Assessing fungal contributions to cellulose degradation in soil by using high-throughput stable isotope probing

Soils represent one of the largest and most active pools of C in the biosphere, and soil respiration represents a major component of global C flux. Fungi are essential to soil carbon cycling due to their propensity for decomposing organic polymers such as cellulose. We performed high throughput sequencing enabled stable isotope probing (HTS-SIP) with 13C-cellulose to characterize the dynamics of fungi and bacteria during cellulose degradation in an agricultural soil. Here, a total of 1900 fungal taxa were observed and 190 of these assimilated 13C-cellulose during a 30-day incubation. A majority of 13C-labeled fungi belonged to Ascomycota, Basidiomycota, and Mucoromycota. However, most 13C-labeled fungi could not be annotated at the species (71%, n = 134), or genus (49%, n = 93) level.

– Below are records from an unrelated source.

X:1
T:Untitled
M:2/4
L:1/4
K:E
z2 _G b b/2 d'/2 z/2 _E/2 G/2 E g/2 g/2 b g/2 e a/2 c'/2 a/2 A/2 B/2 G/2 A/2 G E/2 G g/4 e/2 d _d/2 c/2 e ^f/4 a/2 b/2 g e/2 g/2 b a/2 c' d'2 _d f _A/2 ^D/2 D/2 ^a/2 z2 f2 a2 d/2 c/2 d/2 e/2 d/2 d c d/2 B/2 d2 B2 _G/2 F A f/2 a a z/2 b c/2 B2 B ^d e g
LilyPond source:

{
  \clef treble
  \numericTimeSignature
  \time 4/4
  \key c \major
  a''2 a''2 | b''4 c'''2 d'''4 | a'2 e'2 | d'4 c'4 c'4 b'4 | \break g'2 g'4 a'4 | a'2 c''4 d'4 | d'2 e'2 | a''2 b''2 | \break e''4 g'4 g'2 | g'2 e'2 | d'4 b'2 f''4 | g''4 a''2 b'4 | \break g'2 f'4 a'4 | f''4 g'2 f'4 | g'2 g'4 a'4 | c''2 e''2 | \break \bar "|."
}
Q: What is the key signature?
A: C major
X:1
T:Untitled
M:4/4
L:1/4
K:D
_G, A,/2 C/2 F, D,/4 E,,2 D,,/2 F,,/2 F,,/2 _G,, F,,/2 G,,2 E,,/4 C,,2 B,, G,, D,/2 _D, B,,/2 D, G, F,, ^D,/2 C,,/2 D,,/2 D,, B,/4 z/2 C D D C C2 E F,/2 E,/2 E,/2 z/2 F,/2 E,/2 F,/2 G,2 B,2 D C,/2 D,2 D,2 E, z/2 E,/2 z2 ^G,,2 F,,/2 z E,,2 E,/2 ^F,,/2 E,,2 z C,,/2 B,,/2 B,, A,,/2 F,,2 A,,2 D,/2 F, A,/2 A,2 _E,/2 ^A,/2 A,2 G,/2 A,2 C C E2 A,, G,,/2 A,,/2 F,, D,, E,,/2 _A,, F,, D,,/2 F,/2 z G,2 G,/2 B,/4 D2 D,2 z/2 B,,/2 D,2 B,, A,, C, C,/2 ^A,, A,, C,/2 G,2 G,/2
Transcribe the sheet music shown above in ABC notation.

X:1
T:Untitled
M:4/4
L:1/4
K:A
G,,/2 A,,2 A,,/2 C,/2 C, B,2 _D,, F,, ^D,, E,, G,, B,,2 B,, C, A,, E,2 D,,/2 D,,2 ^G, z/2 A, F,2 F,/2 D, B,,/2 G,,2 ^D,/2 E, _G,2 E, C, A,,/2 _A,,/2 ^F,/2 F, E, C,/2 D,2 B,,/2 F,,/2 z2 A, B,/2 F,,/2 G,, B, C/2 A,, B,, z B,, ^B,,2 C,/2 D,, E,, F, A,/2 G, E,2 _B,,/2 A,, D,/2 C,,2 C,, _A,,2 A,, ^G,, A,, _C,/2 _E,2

Mucoromycota were 13C-labeled early, and by day 3 the most abundant 13C-labeled organism belonged to Mortierella. In contrast, 13C-labeled Ascomycota increased in diversity through day 14 and their relative abundance comprised more than 40% of fungal ITS sequences by day 30. These results show that: i) the majority of fungal taxa that assimilated 13C from 13C-cellulose are uncultivated and poorly characterized, ii) the beta-diversity of 13C-labeled fungi changed significantly over time during cellulose degradation, iii) a relatively small number of the 13C-labeled taxa dominated the community response to cellulose, and iv) fungi incorporated cellulose into DNA more rapidly and in greater numbers than did bacteria. Furthermore, these results show that fungi in a tilled agricultural field respond rapidly to new cellulose inputs, exhibiting complex temporal dynamics that likely drive carbon flow into diverse taxa within the soil community.